To do: Your job is to copy the lines from the material that include "Saint".

Source material:
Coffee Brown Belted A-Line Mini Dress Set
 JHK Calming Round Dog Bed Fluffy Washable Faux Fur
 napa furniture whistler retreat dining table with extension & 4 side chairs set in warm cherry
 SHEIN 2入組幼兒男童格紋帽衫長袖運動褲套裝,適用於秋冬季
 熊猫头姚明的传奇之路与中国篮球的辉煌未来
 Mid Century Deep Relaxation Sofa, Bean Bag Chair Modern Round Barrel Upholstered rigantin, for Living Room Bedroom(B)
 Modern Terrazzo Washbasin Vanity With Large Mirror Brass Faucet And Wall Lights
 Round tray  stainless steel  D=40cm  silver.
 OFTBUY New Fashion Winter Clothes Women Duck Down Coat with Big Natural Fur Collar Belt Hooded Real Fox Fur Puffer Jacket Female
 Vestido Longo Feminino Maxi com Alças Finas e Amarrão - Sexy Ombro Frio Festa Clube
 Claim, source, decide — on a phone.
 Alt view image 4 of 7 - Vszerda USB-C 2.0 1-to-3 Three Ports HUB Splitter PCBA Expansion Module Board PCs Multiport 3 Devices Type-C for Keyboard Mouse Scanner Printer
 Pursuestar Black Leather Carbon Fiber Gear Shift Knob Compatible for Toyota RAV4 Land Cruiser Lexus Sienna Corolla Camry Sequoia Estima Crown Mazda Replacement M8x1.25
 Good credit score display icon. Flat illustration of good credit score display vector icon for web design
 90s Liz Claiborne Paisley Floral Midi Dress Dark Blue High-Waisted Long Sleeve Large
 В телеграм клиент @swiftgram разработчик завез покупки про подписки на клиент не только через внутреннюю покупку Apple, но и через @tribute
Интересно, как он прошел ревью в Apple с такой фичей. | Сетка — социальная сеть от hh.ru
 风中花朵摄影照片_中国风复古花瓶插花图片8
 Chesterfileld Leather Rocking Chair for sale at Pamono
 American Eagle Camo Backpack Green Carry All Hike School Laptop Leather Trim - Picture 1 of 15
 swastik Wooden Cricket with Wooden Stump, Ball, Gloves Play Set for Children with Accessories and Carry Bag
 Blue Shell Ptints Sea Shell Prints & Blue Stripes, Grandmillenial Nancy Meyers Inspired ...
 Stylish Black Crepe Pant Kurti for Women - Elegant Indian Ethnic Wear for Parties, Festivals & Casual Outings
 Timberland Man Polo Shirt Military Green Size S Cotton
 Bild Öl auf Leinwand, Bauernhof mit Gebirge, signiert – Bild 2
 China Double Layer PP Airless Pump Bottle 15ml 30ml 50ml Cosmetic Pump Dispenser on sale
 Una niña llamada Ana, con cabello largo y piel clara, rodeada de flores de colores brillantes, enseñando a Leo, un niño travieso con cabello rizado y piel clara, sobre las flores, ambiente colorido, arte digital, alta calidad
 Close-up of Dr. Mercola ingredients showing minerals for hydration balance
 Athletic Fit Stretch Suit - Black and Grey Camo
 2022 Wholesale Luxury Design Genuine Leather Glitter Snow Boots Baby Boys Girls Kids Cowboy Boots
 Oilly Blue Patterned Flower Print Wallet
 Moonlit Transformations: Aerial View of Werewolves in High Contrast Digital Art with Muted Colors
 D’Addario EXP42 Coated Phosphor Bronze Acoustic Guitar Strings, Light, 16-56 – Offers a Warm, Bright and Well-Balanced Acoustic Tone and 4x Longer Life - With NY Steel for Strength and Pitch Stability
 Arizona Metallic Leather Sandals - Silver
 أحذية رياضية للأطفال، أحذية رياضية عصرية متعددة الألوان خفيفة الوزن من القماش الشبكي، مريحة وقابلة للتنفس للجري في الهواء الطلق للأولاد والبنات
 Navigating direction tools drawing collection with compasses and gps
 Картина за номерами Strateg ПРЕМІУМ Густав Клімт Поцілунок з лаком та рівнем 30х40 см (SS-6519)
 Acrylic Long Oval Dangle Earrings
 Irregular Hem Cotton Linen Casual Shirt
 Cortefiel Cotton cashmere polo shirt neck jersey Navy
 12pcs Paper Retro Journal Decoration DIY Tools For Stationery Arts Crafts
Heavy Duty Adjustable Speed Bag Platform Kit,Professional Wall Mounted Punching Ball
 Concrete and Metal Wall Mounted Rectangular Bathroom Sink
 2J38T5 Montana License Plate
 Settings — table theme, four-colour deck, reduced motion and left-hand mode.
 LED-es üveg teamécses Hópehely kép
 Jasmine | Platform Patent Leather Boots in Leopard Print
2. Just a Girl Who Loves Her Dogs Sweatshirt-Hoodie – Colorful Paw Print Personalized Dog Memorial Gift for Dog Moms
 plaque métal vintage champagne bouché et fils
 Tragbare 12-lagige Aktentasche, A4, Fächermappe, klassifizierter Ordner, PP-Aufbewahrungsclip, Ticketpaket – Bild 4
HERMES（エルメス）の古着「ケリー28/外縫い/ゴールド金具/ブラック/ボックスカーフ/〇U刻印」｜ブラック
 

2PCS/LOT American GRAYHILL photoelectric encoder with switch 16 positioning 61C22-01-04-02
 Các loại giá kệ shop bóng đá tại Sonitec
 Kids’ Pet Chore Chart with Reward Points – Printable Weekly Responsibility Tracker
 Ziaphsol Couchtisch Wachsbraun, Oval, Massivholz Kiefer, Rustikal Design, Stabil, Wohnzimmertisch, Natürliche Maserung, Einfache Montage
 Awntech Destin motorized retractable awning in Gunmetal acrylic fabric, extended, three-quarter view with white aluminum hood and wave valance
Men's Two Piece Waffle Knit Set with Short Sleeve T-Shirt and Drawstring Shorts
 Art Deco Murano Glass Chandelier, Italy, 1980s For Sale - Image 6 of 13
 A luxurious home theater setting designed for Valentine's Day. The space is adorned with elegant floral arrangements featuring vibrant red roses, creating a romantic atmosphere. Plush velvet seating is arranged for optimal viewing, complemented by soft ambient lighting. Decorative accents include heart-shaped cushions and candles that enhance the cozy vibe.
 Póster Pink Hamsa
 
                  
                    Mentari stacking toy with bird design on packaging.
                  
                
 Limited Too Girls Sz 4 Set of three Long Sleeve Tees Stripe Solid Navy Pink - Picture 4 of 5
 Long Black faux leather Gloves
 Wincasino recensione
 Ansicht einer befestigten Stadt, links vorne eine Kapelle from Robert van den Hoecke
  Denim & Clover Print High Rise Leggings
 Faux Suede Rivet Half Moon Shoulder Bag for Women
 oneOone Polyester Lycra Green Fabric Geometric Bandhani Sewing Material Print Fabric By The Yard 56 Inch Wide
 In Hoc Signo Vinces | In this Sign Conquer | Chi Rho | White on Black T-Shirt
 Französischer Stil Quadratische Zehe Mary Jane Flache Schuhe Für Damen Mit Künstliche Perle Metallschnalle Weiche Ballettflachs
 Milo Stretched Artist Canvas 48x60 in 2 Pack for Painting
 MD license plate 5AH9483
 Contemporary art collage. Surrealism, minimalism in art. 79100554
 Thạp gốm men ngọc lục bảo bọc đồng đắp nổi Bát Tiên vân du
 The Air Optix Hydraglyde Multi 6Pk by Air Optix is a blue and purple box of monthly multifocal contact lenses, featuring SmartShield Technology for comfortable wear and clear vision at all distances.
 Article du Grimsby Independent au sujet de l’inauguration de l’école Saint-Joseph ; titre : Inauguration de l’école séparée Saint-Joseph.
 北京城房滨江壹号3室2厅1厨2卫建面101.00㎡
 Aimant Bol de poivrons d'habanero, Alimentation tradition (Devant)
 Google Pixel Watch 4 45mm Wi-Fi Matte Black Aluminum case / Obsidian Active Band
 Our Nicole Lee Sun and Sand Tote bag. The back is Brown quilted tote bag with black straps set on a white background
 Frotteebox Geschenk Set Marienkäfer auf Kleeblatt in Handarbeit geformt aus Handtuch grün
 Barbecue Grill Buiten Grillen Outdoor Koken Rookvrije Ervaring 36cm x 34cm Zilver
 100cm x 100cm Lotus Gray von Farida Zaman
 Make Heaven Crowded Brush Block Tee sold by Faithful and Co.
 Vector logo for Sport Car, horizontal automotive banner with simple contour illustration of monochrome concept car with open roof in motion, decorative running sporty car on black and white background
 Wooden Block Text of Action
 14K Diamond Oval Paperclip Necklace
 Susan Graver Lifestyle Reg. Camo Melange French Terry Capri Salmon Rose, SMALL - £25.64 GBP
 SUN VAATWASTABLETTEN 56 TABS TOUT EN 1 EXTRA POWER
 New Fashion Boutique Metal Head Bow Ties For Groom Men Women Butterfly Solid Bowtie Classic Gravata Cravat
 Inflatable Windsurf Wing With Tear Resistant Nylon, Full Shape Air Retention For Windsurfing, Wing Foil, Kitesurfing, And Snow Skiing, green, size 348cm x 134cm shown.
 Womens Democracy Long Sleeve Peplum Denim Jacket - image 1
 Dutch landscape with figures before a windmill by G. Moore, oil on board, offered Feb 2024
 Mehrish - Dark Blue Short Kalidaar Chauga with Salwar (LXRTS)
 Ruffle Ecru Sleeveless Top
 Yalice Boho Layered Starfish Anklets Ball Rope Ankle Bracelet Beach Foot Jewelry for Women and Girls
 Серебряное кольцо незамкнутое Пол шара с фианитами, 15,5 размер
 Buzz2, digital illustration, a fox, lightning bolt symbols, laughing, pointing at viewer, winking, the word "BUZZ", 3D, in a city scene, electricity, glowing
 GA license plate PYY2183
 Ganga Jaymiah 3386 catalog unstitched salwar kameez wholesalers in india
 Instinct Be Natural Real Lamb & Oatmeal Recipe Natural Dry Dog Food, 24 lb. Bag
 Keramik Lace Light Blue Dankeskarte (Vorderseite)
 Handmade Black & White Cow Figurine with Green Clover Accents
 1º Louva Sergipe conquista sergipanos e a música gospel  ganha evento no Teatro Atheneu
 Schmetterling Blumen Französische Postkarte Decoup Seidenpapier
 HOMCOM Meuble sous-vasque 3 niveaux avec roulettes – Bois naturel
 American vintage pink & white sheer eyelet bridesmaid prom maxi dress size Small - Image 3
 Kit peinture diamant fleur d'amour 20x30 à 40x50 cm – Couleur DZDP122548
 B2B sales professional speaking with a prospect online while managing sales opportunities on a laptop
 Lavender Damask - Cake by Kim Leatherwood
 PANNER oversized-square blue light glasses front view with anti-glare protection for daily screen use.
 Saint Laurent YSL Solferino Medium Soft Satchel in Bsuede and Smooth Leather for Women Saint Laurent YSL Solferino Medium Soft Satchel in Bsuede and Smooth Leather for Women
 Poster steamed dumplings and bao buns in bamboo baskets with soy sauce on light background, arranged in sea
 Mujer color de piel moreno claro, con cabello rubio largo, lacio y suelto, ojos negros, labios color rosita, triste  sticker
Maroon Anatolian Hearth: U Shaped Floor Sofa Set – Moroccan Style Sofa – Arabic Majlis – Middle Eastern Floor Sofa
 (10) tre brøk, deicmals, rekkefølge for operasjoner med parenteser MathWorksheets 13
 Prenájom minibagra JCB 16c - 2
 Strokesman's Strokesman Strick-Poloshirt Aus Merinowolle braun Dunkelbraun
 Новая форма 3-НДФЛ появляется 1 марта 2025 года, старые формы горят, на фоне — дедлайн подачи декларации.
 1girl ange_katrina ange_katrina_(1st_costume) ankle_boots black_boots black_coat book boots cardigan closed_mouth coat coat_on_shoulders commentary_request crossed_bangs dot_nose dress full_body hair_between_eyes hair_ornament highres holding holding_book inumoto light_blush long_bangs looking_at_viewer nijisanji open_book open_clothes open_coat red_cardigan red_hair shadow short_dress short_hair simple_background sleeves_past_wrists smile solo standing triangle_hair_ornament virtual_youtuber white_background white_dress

Answer area:
 Article du Grimsby Independent au sujet de l’inauguration de l’école Saint-Joseph ; titre : Inauguration de l’école séparée Saint-Joseph.
 Saint Laurent YSL Solferino Medium Soft Satchel in Bsuede and Smooth Leather for Women Saint Laurent YSL Solferino Medium Soft Satchel in Bsuede and Smooth Leather for Women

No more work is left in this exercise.